=== Begin Enclosure ===

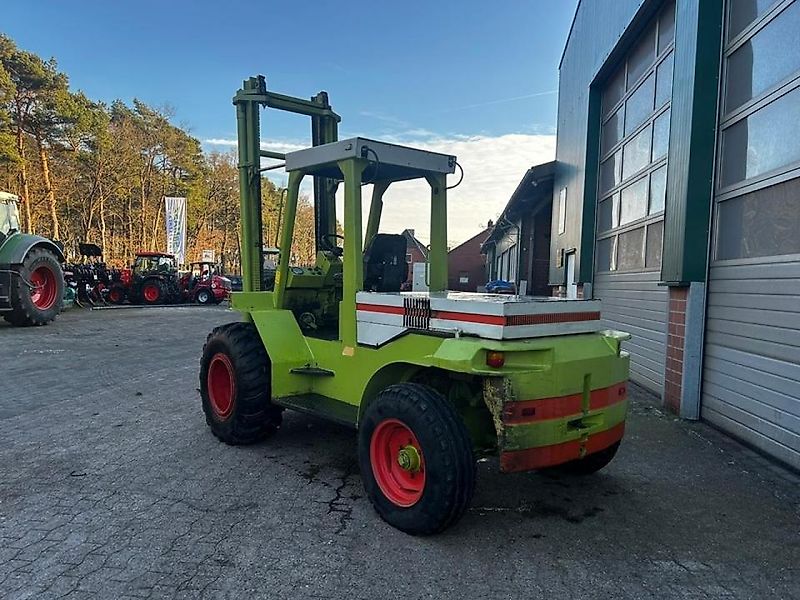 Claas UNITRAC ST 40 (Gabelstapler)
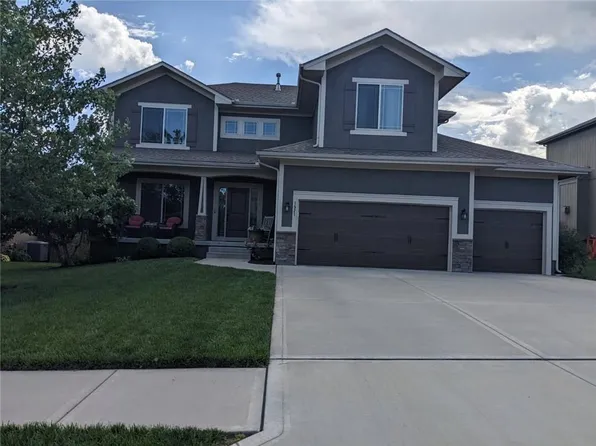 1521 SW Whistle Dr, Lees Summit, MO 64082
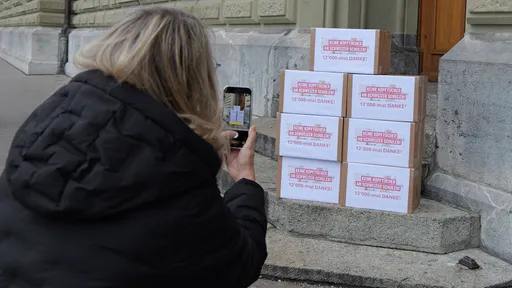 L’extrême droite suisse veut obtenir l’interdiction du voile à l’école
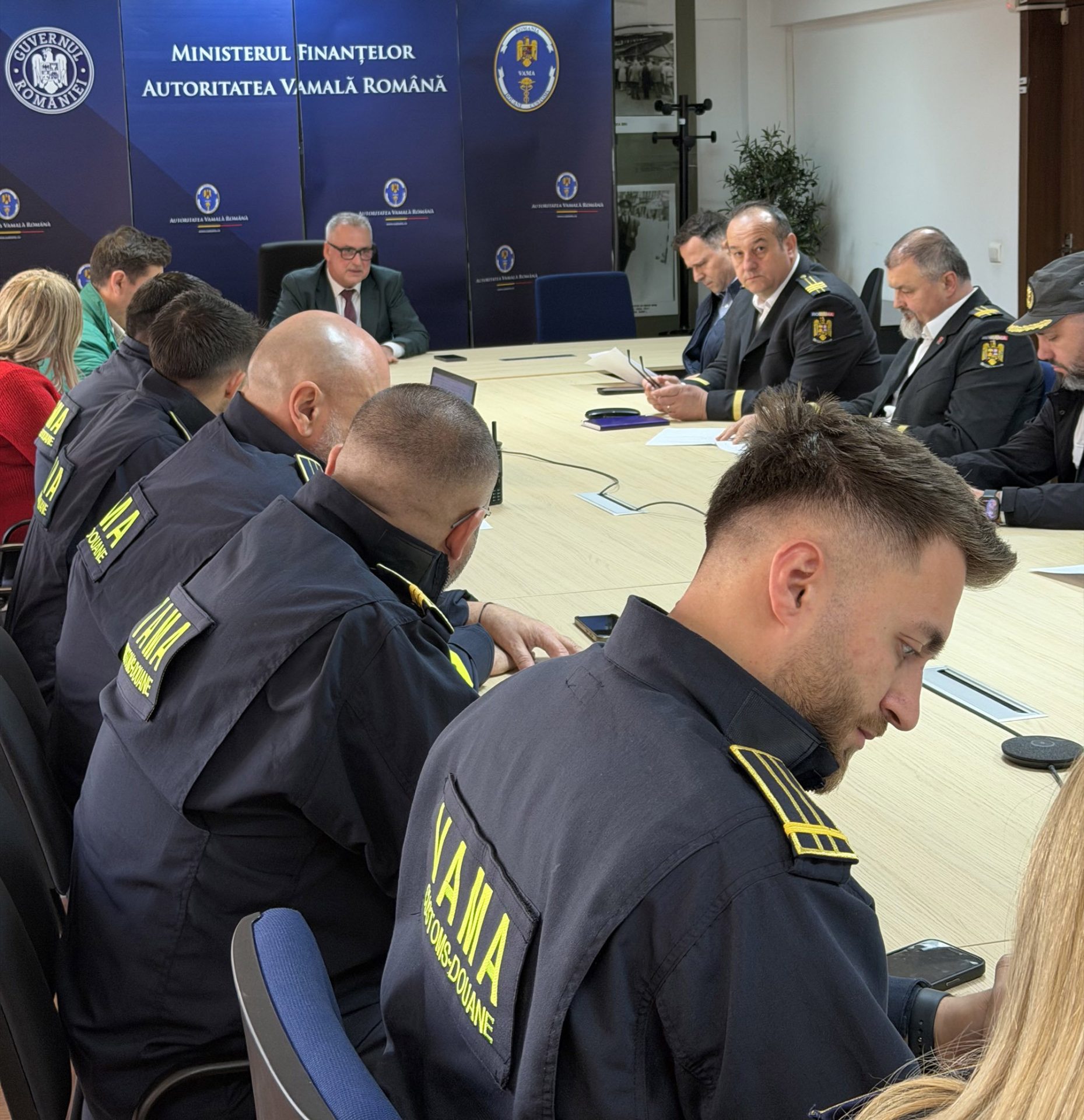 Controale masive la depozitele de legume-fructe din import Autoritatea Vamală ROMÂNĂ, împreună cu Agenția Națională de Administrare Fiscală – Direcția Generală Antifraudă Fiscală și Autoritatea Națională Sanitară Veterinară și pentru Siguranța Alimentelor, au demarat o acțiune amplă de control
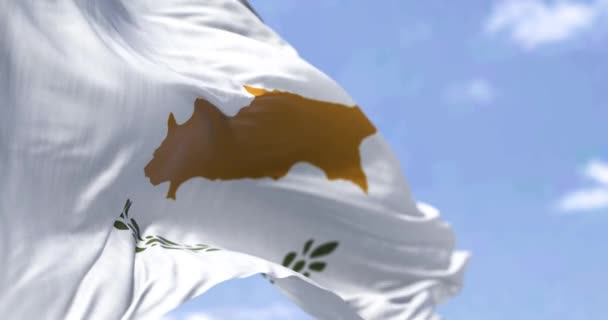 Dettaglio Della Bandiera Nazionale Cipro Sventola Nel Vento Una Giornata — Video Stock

=== End Enclosure ===
=== Begin Enclosure ===

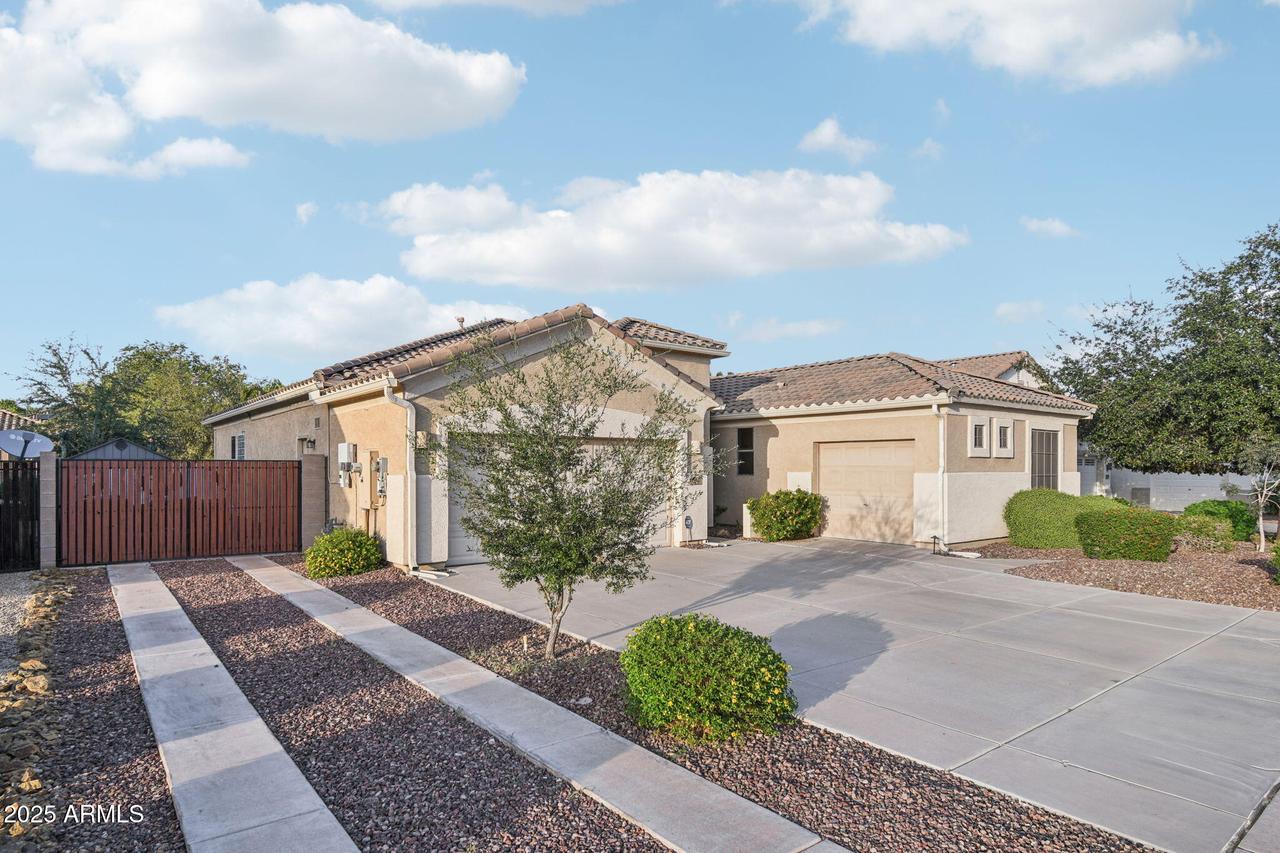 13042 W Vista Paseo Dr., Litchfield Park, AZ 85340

=== End Enclosure ===

*BRIEF:* Beginning with the line that contains "1521 SW Whistle Dr, Lees Summit, MO 64082" and ending with the line that contains "Dettaglio Della Bandiera", reproduce the listing exactly, pictures excluded.

*EXPECTED ANSWER:*
 1521 SW Whistle Dr, Lees Summit, MO 64082
 L’extrême droite suisse veut obtenir l’interdiction du voile à l’école
 Controale masive la depozitele de legume-fructe din import Autoritatea Vamală ROMÂNĂ, împreună cu Agenția Națională de Administrare Fiscală – Direcția Generală Antifraudă Fiscală și Autoritatea Națională Sanitară Veterinară și pentru Siguranța Alimentelor, au demarat o acțiune amplă de control
 Dettaglio Della Bandiera Nazionale Cipro Sventola Nel Vento Una Giornata — Video Stock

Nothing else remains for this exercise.